MANKATO — For Scott Hieronimus and Tina Whitby, the journey to homelessness, they say, was built firmly on a foundation of bad luck.
“I went from losing my $50,000 a year job to being a temp,” Scott Hieronimus said.
He was a production specialist, someone who built testing stations for the products built at a company called Emerson.
“I lost that job when a lady accused me of looking at her inappropriately,” he said.
Around the same time, Tina lost her job at an assisted-living facility in Shakopee called Emerald Crest.
“I was at Emerald Crest for five years when I got let go,” she said.
They moved to St. Peter when Scott got a job at Alumacraft. But Scott lost that job, too.
“Five or six of us got let go the same day,” he said.
Then the real struggle began. And to ward off eviction, they started selling their stuff.

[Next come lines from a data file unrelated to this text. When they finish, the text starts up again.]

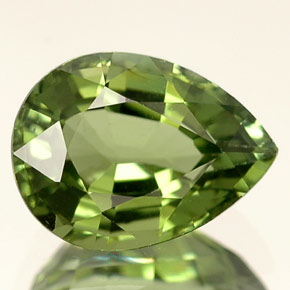 1.35カラットの天然グリーントルマリン（8.2×6.1 mm・洋梨の形）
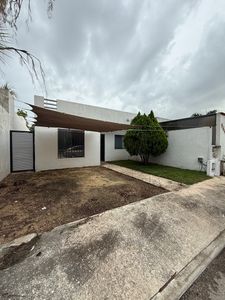 Casa en renta de una planta frente a área verde en Las Americas II, Mérida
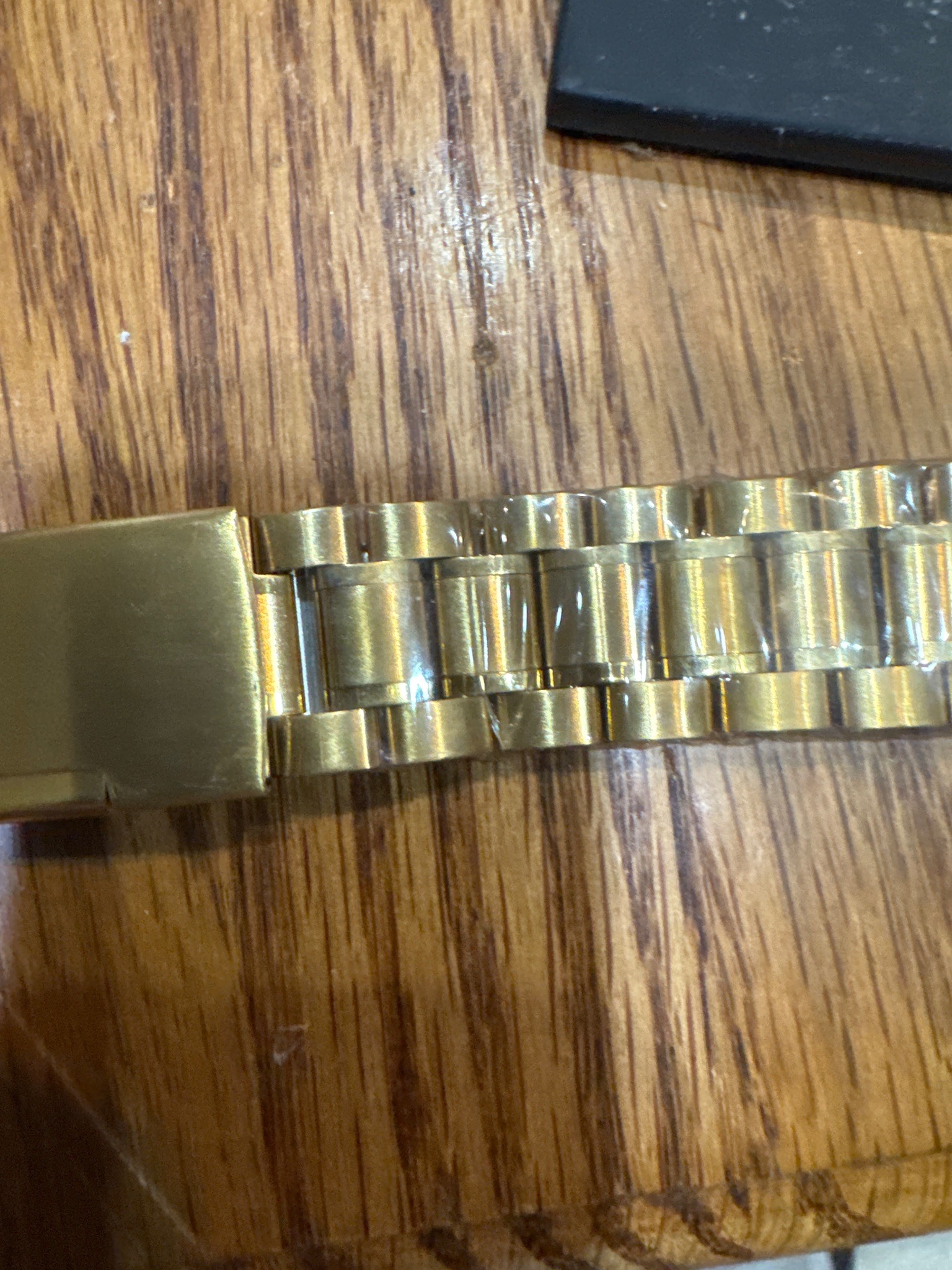 Submitted photo of Gold-tone metal watch bracelet (unauthenticated)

First it was Tina’s 2003 Ford Windstar van. Then Scott's shotgun. (The two are avid hunters and have a series of deer with impressive racks on the walls of their residence.) Then it was Scott's 1996 Chevy Silverado pickup. Then the boat. Then the Waverunner.
“We sold it all to avoid being homeless,” Scott said.
But eventually, not even selling their possessions could save them. And in June, their St. Peter landlord threatened to evict. They tried to get help from a few area agencies, they say, but found little. So they called Theresa House to find emergency housing for them and their two kids, ages 7 and 3.
“Theresa House took us in, and that place was very wonderful to us,” Scott said.
He admits there was a little bit of swallowing some pride to take up residence in a homeless shelter.
“It wasn't the nicest thing to have to admit. I was used to making $20 an hour, then you try to live on $8 an hour? It's hard,” he said. “But it wasn't, you know, a bunch of bums like you see on TV.”